Things have a funny way of working out this way. A couple features were pushed back from a previous release and some last minute improvements were thrown in, and suddenly we found ourselves dragging out a lot more fresh code in our release than usual. All this the night before one of our heavy API users was launching something of their own. They were expecting to hit us thousands of times a second and most of their calls touched some piece of code that hadn’t been tested in the wild. Ordinarily, we would soft launch and put the system through its paces. But now we had no time for that. We really wanted to hammer the entire stack, yesterday, and so we couldn’t rely on internal compute resources.

Typically, people turn to a service for this sort of thing but for the load we wanted, they charge many hundreds of dollars. It was also short notice and after hours, so there was going to be some sort of premium to boot.

At first, I thought we should use something like JMeter from some EC2 machines. However, we didn’t have anything set up for that. What were we going to do with the stats? How would we synchronize starting and stopping? It just seemed like this path was going to take a while.

I wanted to go to bed. Soon.

We routinely run Hadoop jobs on EC2, so everything was already baked to launch a bunch of machines and run jobs. Initially, it seemed like a silly idea, but when the hammer was sitting right there, I saw nails. I Googled it to see if anyone had tried. Of course not. Why would they? And if they did, why admit it? Perhaps nobody else found themselves on the far right side of the Sleep vs Sensitivity-to-Shame scale.

Sleep vs Sensitivity to Shame

So, it was settled — Hadoop it is! I asked my colleagues to assemble the list of test URLs. Along with some static stuff (no big deal) and a couple dozen basic pages, we had a broad mixture of API requests and AJAX calls we needed to simulate. For the AJAX stuff, we simply grabbed URLs from the Firebug console. Everything else was already in tests or right on the surface, so we’d have our new test set in less than an hour. I figured a few dozen lines of ruby code using Hadoop streaming could probably do what I had in mind.

I’ve read quite a few post-mortems that start off like this, but read on, it turns out alright.

Hadoop Streaming

Hadoop Streaming is a utility that ships with Hadoop that works with pretty much any language. Any executable that reads from stdin and writes to stdout can be a mapper or reducer. By default, they read line-by-line with the bytes up to the first tab character representing the key and any remainder becomes the value. It’s a great resource and bridges the power of Hadoop with the ease of quick scripts. We use it a lot when we need to scale out otherwise simple jobs.

Designing Our Job

We had just two basic requirements for our job:

  1. Visit URLs quickly
  2. Produce response time stats

Input File

The only input in this project is a list of URLs — only keys and no values. The job would have to run millions of URLs through the process to sustain the desired load for the desired time but we only had hundreds of calls that needed testing. First, we wanted to skew the URL frequency towards the most common calls. To do that, we just put those URLs in multiple times. Then we wanted to shuffle them for better distribution. Finally, we just needed lots of copies.

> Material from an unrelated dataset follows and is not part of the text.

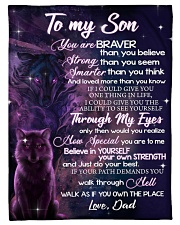 To My Son - Dad Small Fleece Blanket - 30" x 40" front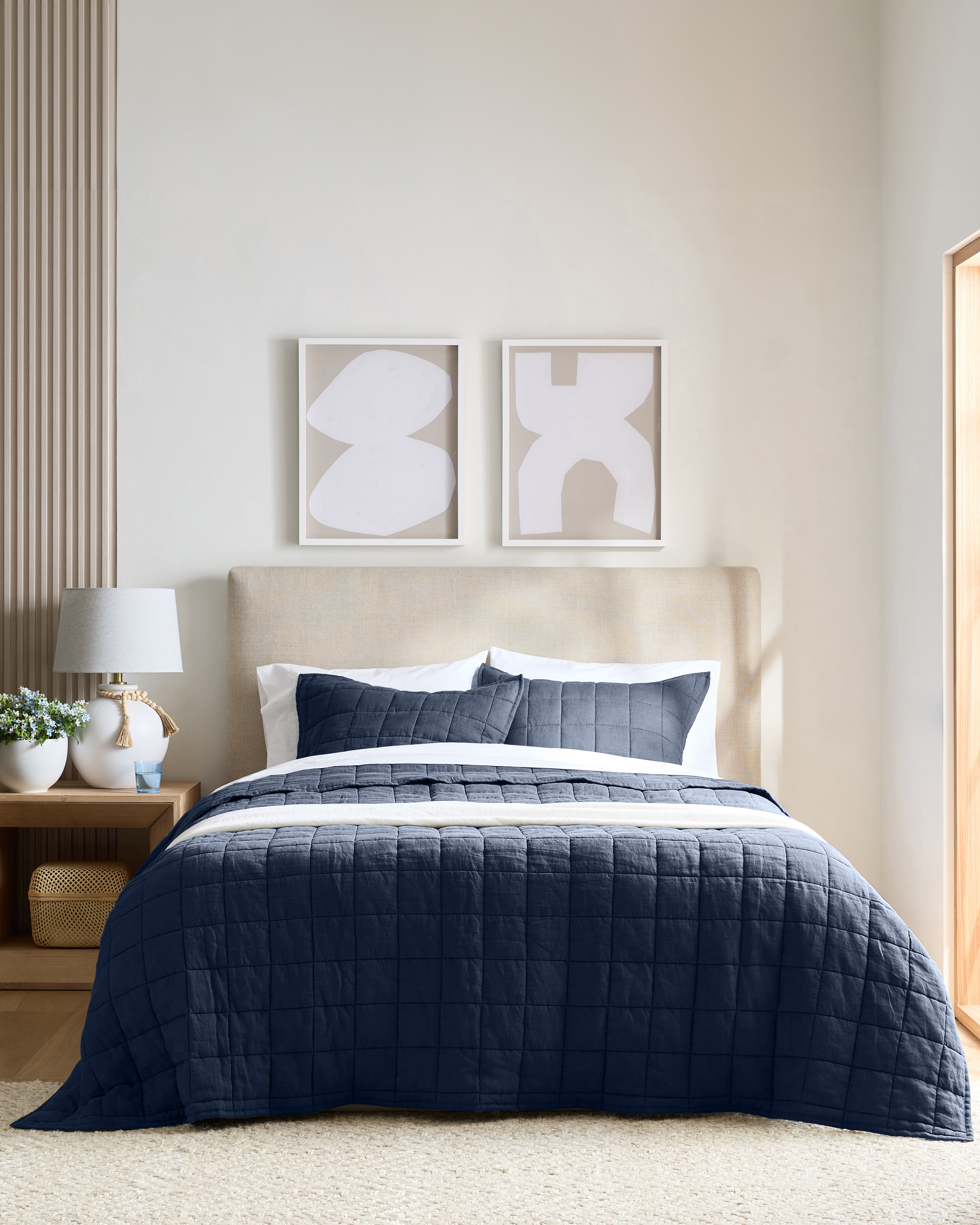 Navy European Linen Box Quilt Set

for i in {1..10000};  do sort -R < sample_urls_list.txt; done > full_urls_list.txt

Mapper

The mapper was going to do most of the work for us. It needed to fetch URLs as quickly as possible and record the elapsed time for each request. Hadoop processes definitely have overhead and even though each EC2 instance could likely be fetching hundreds of URLs at once, it couldn’t possibly run hundreds of mappers. To get past this issue, we had two options: 1) just launch more machines and under-utilize them or 2) fetch lots of URLs concurrently with each mapper. We’re trying not to needlessly waste money, so #1 is out.

I had used the curb gem (libcurl bindings for ruby) on several other projects and it worked really well. It turns out that it was going to be especially helpful here since it has a Multi class which can run concurrent requests each with blocks that function essentially as callbacks. With a little hackery, it could be turned into a poor/lazy/sleep-deprived man’s thread pool.

The main loop:

@curler.perform do
  flush_buffer!
  STDIN.take(@concurrent_requests-@curler.requests.size).each do |url|
    add_url(url.chomp)
  end
end

Blocks for success and failure:

curl.on_success do
  if errorlike_content?(curl.body_str)
    log_error(curl.url,'errorlike content')
  else
    @response_buffer<<[curl.url,Time.now-start_time]
  end
end
curl.on_failure do |curl_obj,args|
  error_type = args.first.to_s if args.is_a?(Array)
  log_error(curl.url,error_type)
end

As you can see, each completion calls a block that outputs the URL and the number of seconds it took to process the request. A little healthy paranoia about thread safety resulted in the extra steps of buffering and flushing output — this would ensure we don’t interleave output coming from multiple callbacks.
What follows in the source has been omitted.